Black Business Owners Have Mixed Feelings About the ‘Defund The Police’ Campaign

Black Business Owners Have Mixed Feelings About the ‘Defund The Police’ Campaign


A survey of black business owners shows mixed feelings on defunding the police, a campaign championed by the Black Lives Matter movement that would reduce police budgets and reallocate those funds to improve other areas like education, public health, housing, and youth services, reports The Cut.

Tasia Ford, who owns Big Red Hot Sauce with her husband Paul, told The Washington Examiner there are  people who don’t agree with defunding the police, but this is the first time the idea has real support behind it.

“As a whole, we don’t believe in defunding the police force, but I think that has never really been the question,” Ford told the conservative news outlet Friday. “I think there are deeper issues that got us to where we are today.”

A HuffPost/YouGov poll conducted from June 8 and June 10 found that 29% of black respondents either “strongly” or “somewhat” support defunding the police, while 49% “strongly” or “somewhat” oppose it. Another 22% were “not sure” how they felt.

Ford told the Examiner this is the first time people are really looking at how the police operate and that changes are needed and necessary.

“At the end of the day, do we believe that police are bad and need to be destroyed? No, that’s never been our stand. But is there a problem that needs to be addressed? Yes,” Ford said, adding “the police are a representation of a much deeper rooted problem … [and] I don’t necessarily know [if defunding] solves the problem or just puts a Band-Aid on something that needs stitches.”

Since the Black Lives Matter protests started after the deaths of George Floyd and Breonna Taylor, black activists, politicians, and celebrities have called for cities and states to defund the police and use the money to boost social services that help people with issues that have been pushed on the police. Drug prevention and rehabilitation, mental health services, and housing are just some of the places people want to see money allocated to other than police departments.

Even police agree that in many cases they’ve been assigned to take care of issues that they have little knowledge or experience in. Former Dallas Police Chief David Brown was shown in John Oliver’s Last Week Tonight segment saying the responsibilities have increased over the years.

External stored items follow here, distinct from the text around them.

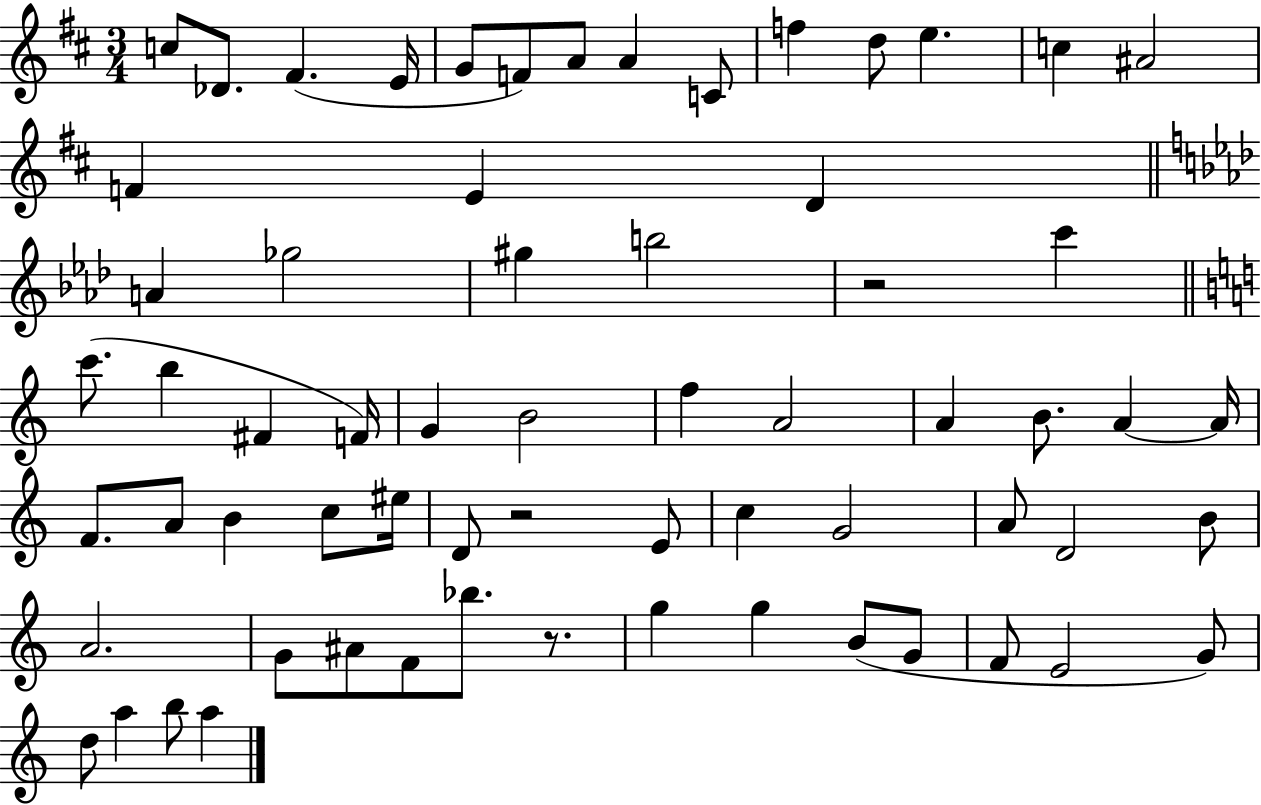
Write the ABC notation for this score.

X:1
T:Untitled
M:3/4
L:1/4
K:D
c/2 _D/2 ^F E/4 G/2 F/2 A/2 A C/2 f d/2 e c ^A2 F E D A _g2 ^g b2 z2 c' c'/2 b ^F F/4 G B2 f A2 A B/2 A A/4 F/2 A/2 B c/2 ^e/4 D/2 z2 E/2 c G2 A/2 D2 B/2 A2 G/2 ^A/2 F/2 _b/2 z/2 g g B/2 G/2 F/2 E2 G/2 d/2 a b/2 a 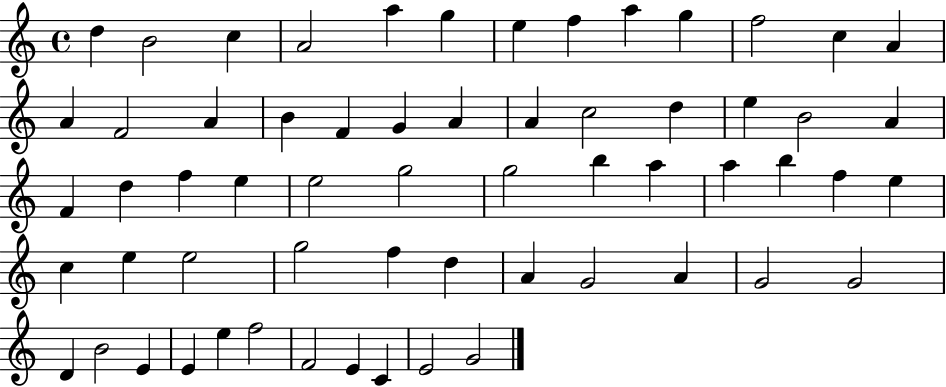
{
  \clef treble
  \time 4/4
  \defaultTimeSignature
  \key c \major
  d''4 b'2 c''4 | a'2 a''4 g''4 | e''4 f''4 a''4 g''4 | f''2 c''4 a'4 | \break a'4 f'2 a'4 | b'4 f'4 g'4 a'4 | a'4 c''2 d''4 | e''4 b'2 a'4 | \break f'4 d''4 f''4 e''4 | e''2 g''2 | g''2 b''4 a''4 | a''4 b''4 f''4 e''4 | \break c''4 e''4 e''2 | g''2 f''4 d''4 | a'4 g'2 a'4 | g'2 g'2 | \break d'4 b'2 e'4 | e'4 e''4 f''2 | f'2 e'4 c'4 | e'2 g'2 | \break \bar "|."
} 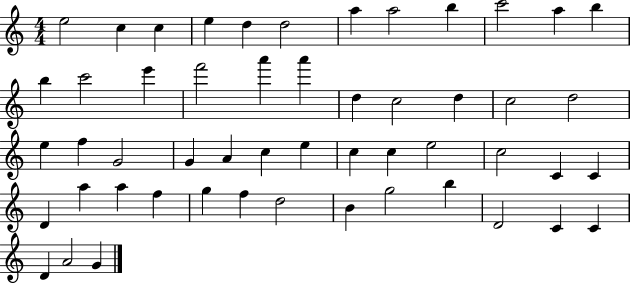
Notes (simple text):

E5/h C5/q C5/q E5/q D5/q D5/h A5/q A5/h B5/q C6/h A5/q B5/q B5/q C6/h E6/q F6/h A6/q A6/q D5/q C5/h D5/q C5/h D5/h E5/q F5/q G4/h G4/q A4/q C5/q E5/q C5/q C5/q E5/h C5/h C4/q C4/q D4/q A5/q A5/q F5/q G5/q F5/q D5/h B4/q G5/h B5/q D4/h C4/q C4/q D4/q A4/h G4/q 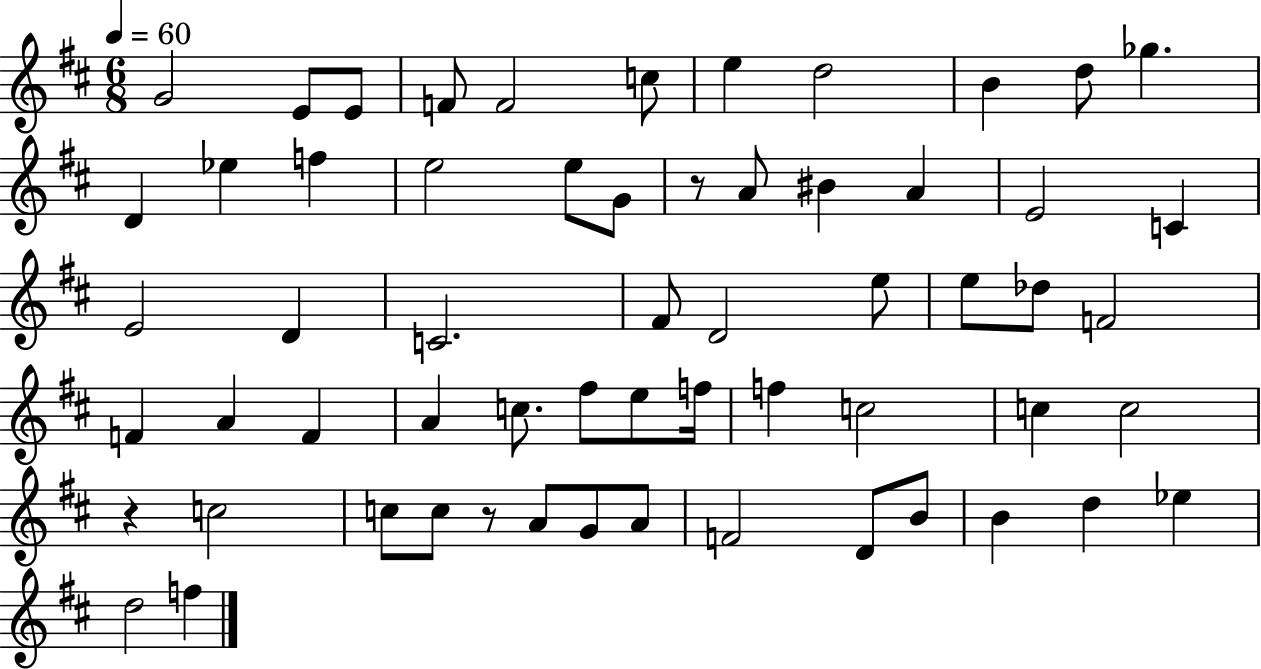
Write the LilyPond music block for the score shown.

{
  \clef treble
  \numericTimeSignature
  \time 6/8
  \key d \major
  \tempo 4 = 60
  \repeat volta 2 { g'2 e'8 e'8 | f'8 f'2 c''8 | e''4 d''2 | b'4 d''8 ges''4. | \break d'4 ees''4 f''4 | e''2 e''8 g'8 | r8 a'8 bis'4 a'4 | e'2 c'4 | \break e'2 d'4 | c'2. | fis'8 d'2 e''8 | e''8 des''8 f'2 | \break f'4 a'4 f'4 | a'4 c''8. fis''8 e''8 f''16 | f''4 c''2 | c''4 c''2 | \break r4 c''2 | c''8 c''8 r8 a'8 g'8 a'8 | f'2 d'8 b'8 | b'4 d''4 ees''4 | \break d''2 f''4 | } \bar "|."
} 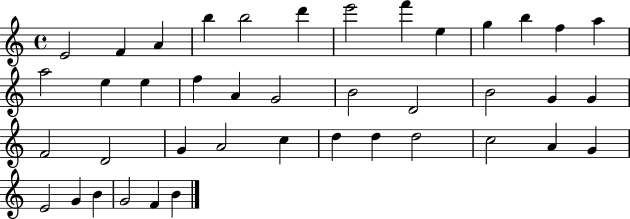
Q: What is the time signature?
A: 4/4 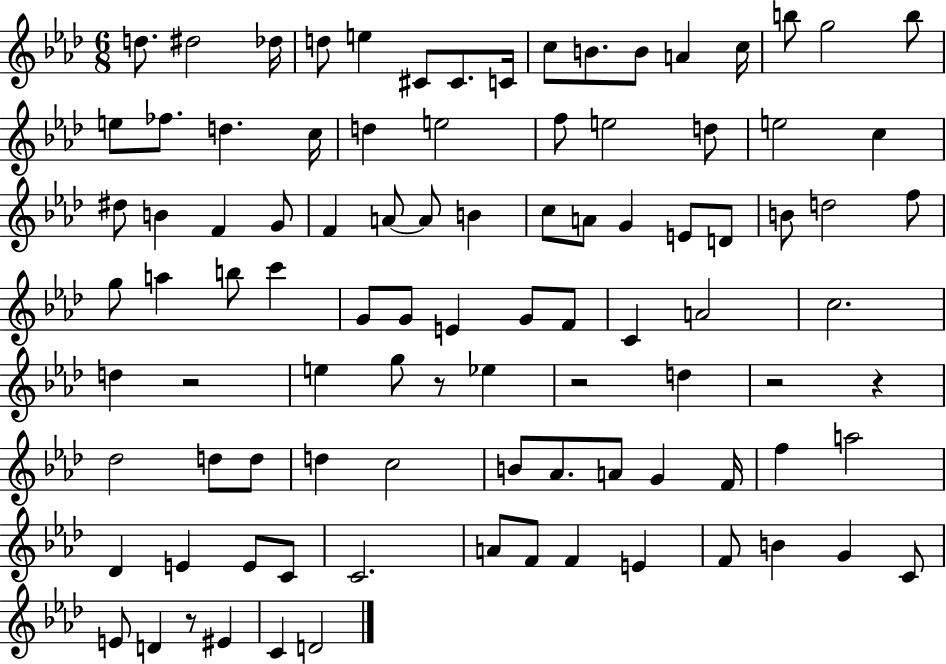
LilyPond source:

{
  \clef treble
  \numericTimeSignature
  \time 6/8
  \key aes \major
  \repeat volta 2 { d''8. dis''2 des''16 | d''8 e''4 cis'8 cis'8. c'16 | c''8 b'8. b'8 a'4 c''16 | b''8 g''2 b''8 | \break e''8 fes''8. d''4. c''16 | d''4 e''2 | f''8 e''2 d''8 | e''2 c''4 | \break dis''8 b'4 f'4 g'8 | f'4 a'8~~ a'8 b'4 | c''8 a'8 g'4 e'8 d'8 | b'8 d''2 f''8 | \break g''8 a''4 b''8 c'''4 | g'8 g'8 e'4 g'8 f'8 | c'4 a'2 | c''2. | \break d''4 r2 | e''4 g''8 r8 ees''4 | r2 d''4 | r2 r4 | \break des''2 d''8 d''8 | d''4 c''2 | b'8 aes'8. a'8 g'4 f'16 | f''4 a''2 | \break des'4 e'4 e'8 c'8 | c'2. | a'8 f'8 f'4 e'4 | f'8 b'4 g'4 c'8 | \break e'8 d'4 r8 eis'4 | c'4 d'2 | } \bar "|."
} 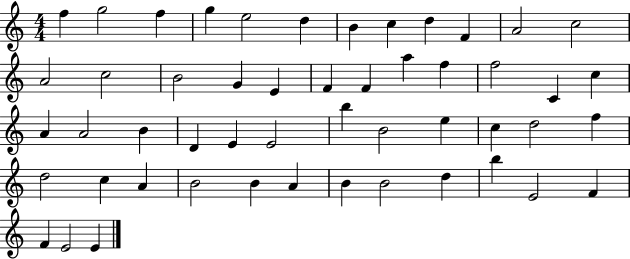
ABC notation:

X:1
T:Untitled
M:4/4
L:1/4
K:C
f g2 f g e2 d B c d F A2 c2 A2 c2 B2 G E F F a f f2 C c A A2 B D E E2 b B2 e c d2 f d2 c A B2 B A B B2 d b E2 F F E2 E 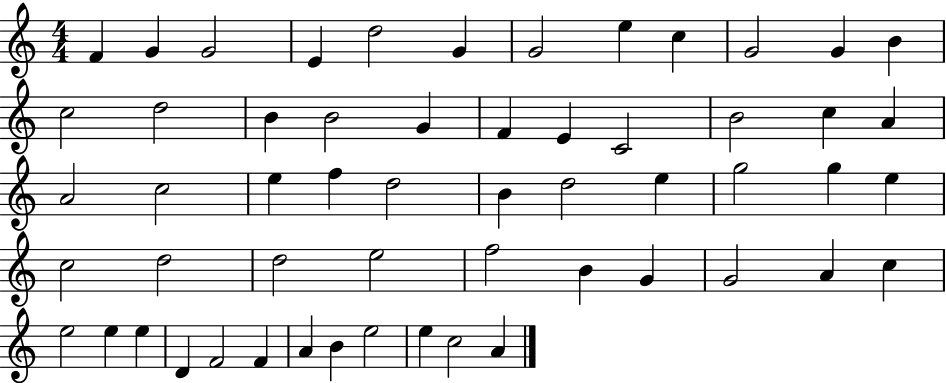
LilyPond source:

{
  \clef treble
  \numericTimeSignature
  \time 4/4
  \key c \major
  f'4 g'4 g'2 | e'4 d''2 g'4 | g'2 e''4 c''4 | g'2 g'4 b'4 | \break c''2 d''2 | b'4 b'2 g'4 | f'4 e'4 c'2 | b'2 c''4 a'4 | \break a'2 c''2 | e''4 f''4 d''2 | b'4 d''2 e''4 | g''2 g''4 e''4 | \break c''2 d''2 | d''2 e''2 | f''2 b'4 g'4 | g'2 a'4 c''4 | \break e''2 e''4 e''4 | d'4 f'2 f'4 | a'4 b'4 e''2 | e''4 c''2 a'4 | \break \bar "|."
} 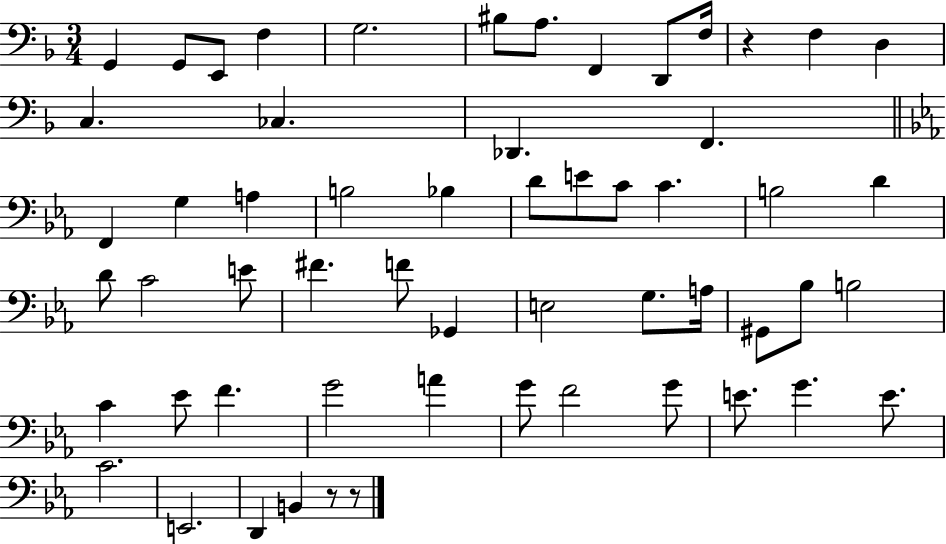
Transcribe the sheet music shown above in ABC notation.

X:1
T:Untitled
M:3/4
L:1/4
K:F
G,, G,,/2 E,,/2 F, G,2 ^B,/2 A,/2 F,, D,,/2 F,/4 z F, D, C, _C, _D,, F,, F,, G, A, B,2 _B, D/2 E/2 C/2 C B,2 D D/2 C2 E/2 ^F F/2 _G,, E,2 G,/2 A,/4 ^G,,/2 _B,/2 B,2 C _E/2 F G2 A G/2 F2 G/2 E/2 G E/2 C2 E,,2 D,, B,, z/2 z/2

“We’re asking cops to do too much in this country,” Brown said. “We’re just asking too much. Every societal failure, we just put it on cops. Not enough mental health funding, let the cops handle it. Not enough drug prevention funding, let’s just give it to the cops.”

However, some black business owners have expressed hesitation when it comes to defunding the police.

“I think [defunding] would be bad for businesses, in a way, because if you abolish the police, who would protect the town?” a black bakery owner in Pennsylvania, who was granted anonymity told the examiner.

Clinton Jones, who owns the Magnum Opus Hair Salon in Virginia, supports defunding and wants to see the money reallocated to allowing community leaders to review bad police behavior.

“I would love to see them test integrity; they test belief structures and things like that before they allow just anybody to become a cop,” Jones told the Examiner, adding that “you can’t keep doing the same things over and over again and expect a different result.”